So the definition I know for metric compatibility is:
$$Xg(Y,Z)=g(\nabla_XY,Z)+g(Y,\nabla_XZ),$$
which make sense, as $g(Y,Z)$ is a smooth function from the manifold to reals and we think of $X$ as a derivation. So now I read this apparent equivalent definition that says $\nabla g=0$. Can someone explain what this means? How can I do $\nabla$ of $g$ I thought $g_p$ is an element of $T_p^*M\otimes T_p^*M$ at every point. Furthermore after you explain the meaning of this can you show me that these two definitions are indeed equivalent?

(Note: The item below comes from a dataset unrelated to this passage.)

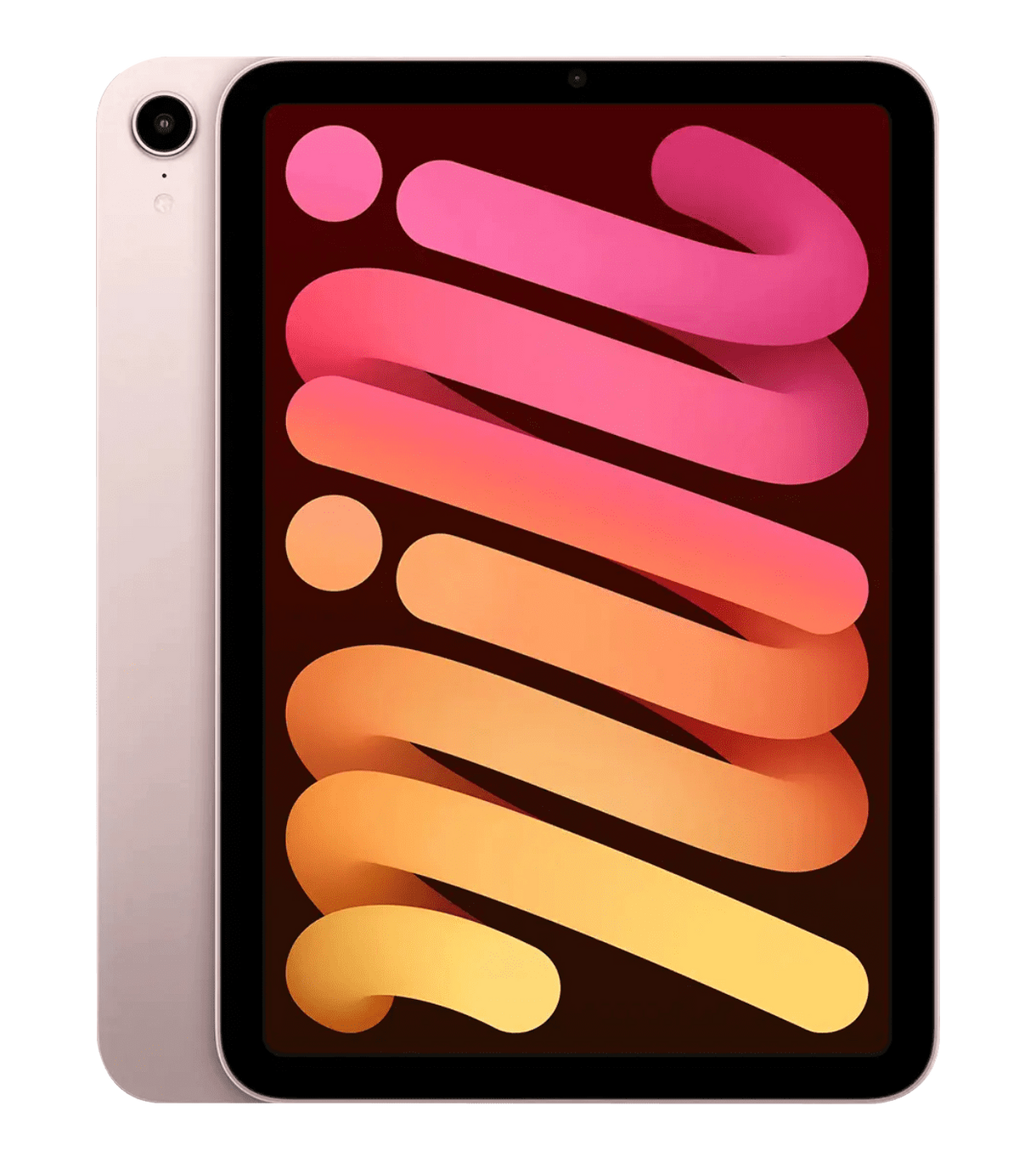 1_e257db3f-90db-44c9-b6f3-72d9f10c9782_1220x_crop_center iPad 6 Mini Pink - Image 1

It seems you are missing some necessary background, namely, how to extend a connection on $TM$ to all tensor bundles. I will summarise this construction.
Given a connection
\begin{align*} \nabla : \Gamma(TM) \times \Gamma(TM) &\to \Gamma(TM)\\ (X, Y) &\mapsto \nabla_XY \end{align*}
on $TM$, there is an associated connection (which I will also denote $\nabla$) on $T^*M$ given by
\begin{align*} \nabla : \Gamma(TM) \times \Gamma(T^*M) &\to \Gamma(T^*M)\\ (X, \alpha) &\mapsto \nabla_X\alpha \end{align*}
where $(\nabla_X\alpha)(Y) := X(\alpha(Y)) - \alpha(\nabla_XY)$. With this definition, together with the definition $\nabla_Xf = Xf$ for a smooth function $f$, we see that the following identity holds:
$$\nabla_X(\alpha(Y)) = (\nabla_X\alpha)(Y) + \alpha(\nabla_XY).$$
More generally, given a $(p, q)$-tensor $T$, we implicitly define the covariant derivative $\nabla_XT$, which is again a $(p, q)$-tensor, by the following equation:
\begin{align*} \nabla_X(T(Y_1, \dots, Y_p, \alpha_1, \dots, \alpha_q)) =&\ (\nabla_XT)(Y_1, \dots, Y_p, \alpha_1, \dots, \alpha_q)\\ &+ \sum_{i=1}^pT(Y_1, \dots, \nabla_XY_i, \dots, Y_p, \alpha_1, \dots, \alpha_q)\\ &+ \sum_{j=1}^qT(Y_1, \dots, Y_p, \alpha_1, \dots, \nabla_X\alpha_j, \dots, \alpha_q).\qquad (\ast) \end{align*}
One could instead consider the covariant derivative of $T$ as a $(p+1, q)$-tensor $\nabla T$ given by
$$(\nabla T)(X, Y_1, \dots, Y_p, \alpha_1, \dots, \alpha_q) := (\nabla_XT)(Y_1, \dots, Y_p, \alpha_1, \dots, \alpha_q).$$
Now, $g$ is a $(2, 0)$-tensor. So if $Y$ and $Z$ are vector fields, $g(Y, Z)$ is a smooth function and hence
$$\nabla_X(g(Y, Z)) = X(g(Y, Z)).$$
On the other hand, by $(\ast)$,
$$\nabla_X(g(Y, Z)) = (\nabla_Xg)(Y, Z) + g(\nabla_XY, Z) + g(Y, \nabla_XZ).$$
Using these two equations, we see that
$$(\nabla g)(X, Y, Z) = (\nabla_X g)(Y, Z) = X(g(Y, Z)) - g(\nabla_XY, Z) - g(Y, \nabla_XZ).$$
So $\nabla$ is compatible with the metric $g$ if and only if $(\nabla g)(X, Y, Z) = 0$ for all vector fields $X, Y, Z$ (i.e. $\nabla g = 0$).